After finding the line with "Collection of three" in the entries below, retype exactly each line from there through the line with "907 - An 18th", including that final line.

[Supplied entries]:
########################################
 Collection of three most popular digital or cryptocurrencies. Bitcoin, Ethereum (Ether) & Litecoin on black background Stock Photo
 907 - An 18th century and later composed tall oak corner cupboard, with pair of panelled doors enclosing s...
########################################
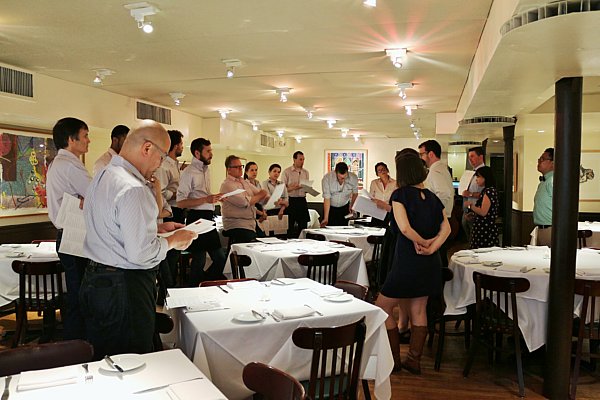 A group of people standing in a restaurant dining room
########################################
[Exercise result]:
 Collection of three most popular digital or cryptocurrencies. Bitcoin, Ethereum (Ether) & Litecoin on black background Stock Photo
 907 - An 18th century and later composed tall oak corner cupboard, with pair of panelled doors enclosing s...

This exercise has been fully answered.